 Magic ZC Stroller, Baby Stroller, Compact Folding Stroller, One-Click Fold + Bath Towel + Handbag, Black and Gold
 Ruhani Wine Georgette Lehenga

==

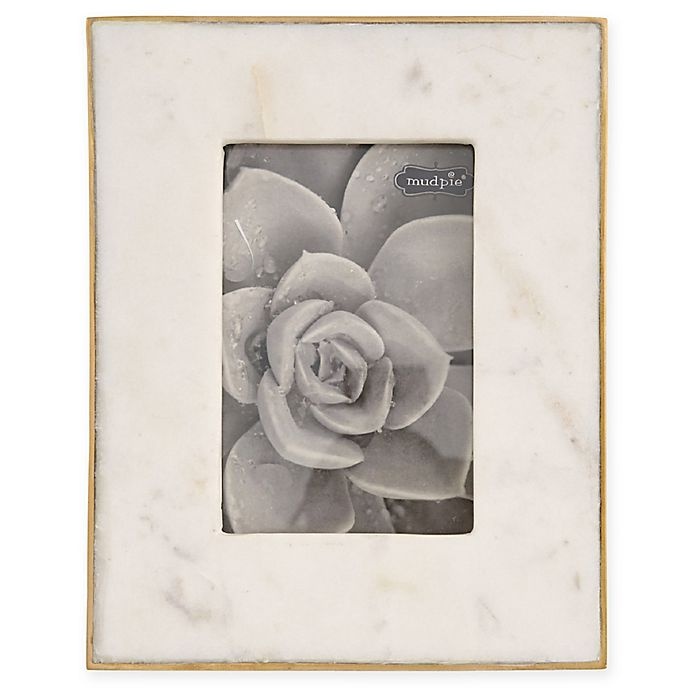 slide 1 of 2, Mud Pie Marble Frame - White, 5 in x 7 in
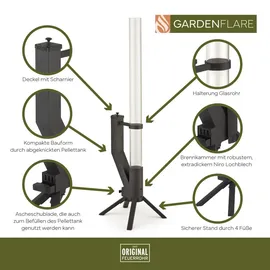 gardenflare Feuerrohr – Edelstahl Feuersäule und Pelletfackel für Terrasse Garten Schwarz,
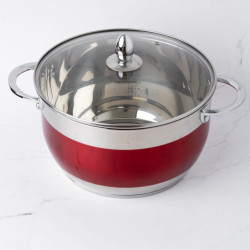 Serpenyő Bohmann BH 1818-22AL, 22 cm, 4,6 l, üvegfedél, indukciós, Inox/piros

● Aim of the exercise:
Give back, unchanged, the run of lines in the listing above that begins at the line containing "Magic ZC Stroller, Baby" and ends at the line containing "Ruhani Wine Georgette Lehenga", both included.

● Final answer:
 Magic ZC Stroller, Baby Stroller, Compact Folding Stroller, One-Click Fold + Bath Towel + Handbag, Black and Gold
 Ruhani Wine Georgette Lehenga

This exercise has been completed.